Enjoy now; too soon the moment will be gone.

Enjoy now; too soon the moment will be gone.

A contrasting moment, later the same morning, occurred when I chanced to have a conversation in passing with a woman running an adult foster home. She cares mostly for brain injured adults; injuries so severe that a lifetime of full-time care is what remains of an injured human. We chatted briefly, curbside, about her operation, the community, the neighborhood… I asked her what kind of people she provides support to, what sorts of injuries and conditions. She told me she works primarily with folks with severe TBIs who have limited mobility, impaired life skills – in short, people who need full-time care because their TBI was just that devastating, and their prognosis for recovery is that grim. Wow. Then she said something that took my breath away… “…except frontal lobe injuries. I’m just not equipped to deal with that.” She went on a few words more that I half-heard through the sudden ringing in my ears and the pounding of my heart. What I heard in my heart was ‘not your kind’. I found a quick polite end to the conversation and departed. I found a quiet shady parking lot and broke down in heart-felt sobbing; real crying, no bullshit. I wept without reservations. I’m not sure, now, quite why.

It was a turning point on the day.
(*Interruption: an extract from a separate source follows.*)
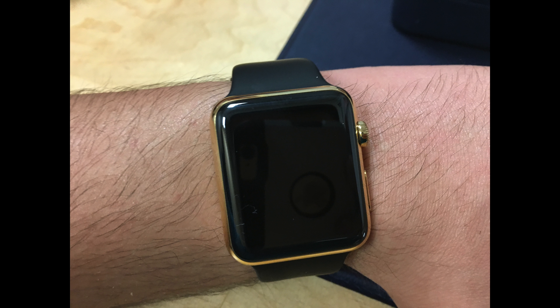The seventeen thousand dollar price is what I heard in the rumors. The watch I tried on was twelve thousand dollars for the 42 millimeter with a black sport band. You can buy it if you have ten thousand bucks.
I spent the rest of it trying to ‘get things right in my head’ on a number of things I suddenly felt pretty sure I didn’t actually understand well at all. It was a good afternoon to stare into the face of my fears about my injury and realize how much worse it really could be. Perspective. I contemplated how practical life can force us to be, however kindly and well-intentioned we are when we begin. Perspective. I wondered if the woman running the adult foster care home understood, when I admitted I, myself, have a frontal lobe injury, how incredibly patronizing her forced attempt to make it right actually sounded (“Well, and look at you! How good you are doing!”). I wondered why it really mattered, any of it, in a world where small girls are savvy enough to hand out flowers to people who need them.  Perspective.

I wondered, too, why my day was so…difficult. As I stood again at the train station, preparing to head home, I recalled something said to me quite some time ago about the physical side of emotional wellness. Something about the necessity of addressing physical things with physical remedies. I recalled the morning, the first moment of the day… and realized I’d put myself at a profound disadvantage; I failed to recognize the physical outcome of being startled awake, and had been living all morning with my PTSD just raging in the background, and wandering around loose in the world wondering why I felt so disordered and shitty. lol. No. Way. Seriously? Oh yeah, still human. I went home, took care of calories, connected with a partner, took medication to address symptoms, meditated, enjoyed a long soak in Epsom salts, did some yoga, and spent the afternoon reading. When evening came, my partners and I enjoyed it; it was lovely.

Like a lighthouse on a rocky shore.

Like a lighthouse on a rocky shore.

Perspective matters. There’s no overdoing that one, and no ‘down side’ I’ve yet found. Today is a good day for perspective. Actually…today is generally a good day, so far, with amazing potential. Today is a day someone will change the world.